General Fang said some Asian nations had seized on Obama’s vows to rebalance military and diplomatic assets to Asia as an opportunity to create trouble in the South and East China Seas.
Fang, chief of the general staff of the Chinese People’s Liberation Army, said that the oil-drilling rig was operating in China’s territorial waters, activity he vowed to protect.
A US official said Vice-President Joe Biden told the visiting Chinese army chief that Beijing’s actions in the maritime disputes were “dangerous and provocative”.
Standing at the Pentagon alongside the top US military officer, General Martin Dempsey, Fang said Vietnam was at fault for stirring up trouble by dispatching ships in an attempt to “disrupt” Chinese drilling activity.
“I think it’s quite clear ... who is conducting normal activity and who is disrupting it,” Fang said, speaking through an interpreter.
Alarmed at China’s military rise and growing assertiveness, Vietnam has broadened its military relationships in recent years, most notably with Cold War-era patron Russia but also with the United States.
China claims almost the entire oil- and gas-rich South China Sea, rejecting rival claims to parts of it from Vietnam, the Philippines, Taiwan, Malaysia and Brunei.

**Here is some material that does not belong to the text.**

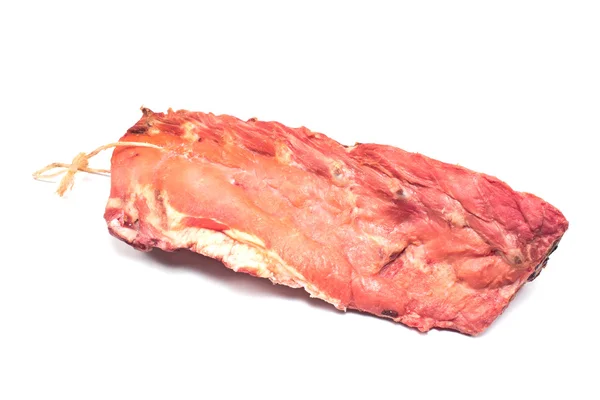 Smoked pork bone with meat isolated on white — Stock Photo, Image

In the East China Sea, Beijing is locked in an increasingly bitter dispute with Japan.
Speaking about regional tensions, Fang said Beijing did not create trouble, but was also unafraid of it and suggested China was ready to defend its territorial integrity.
“Territory which has passed down by our ancestors into the hands of our generation – we cannot afford to lose an inch,” he said.
Dempsey did not explicitly criticise China but left no doubt about his concerns over the growing regional tensions.
Asked whether China was behaving provocatively in the dispute with Vietnam and whether he saw the risk of conflict in the region increasing, Dempsey said: “We spoke about the fact that the use of military assets to resolve disputes is provocative and it does increase risk.”
“We had a rich discussion about what exactly is the status quo and who has been seeking to change it,” Dempsey said.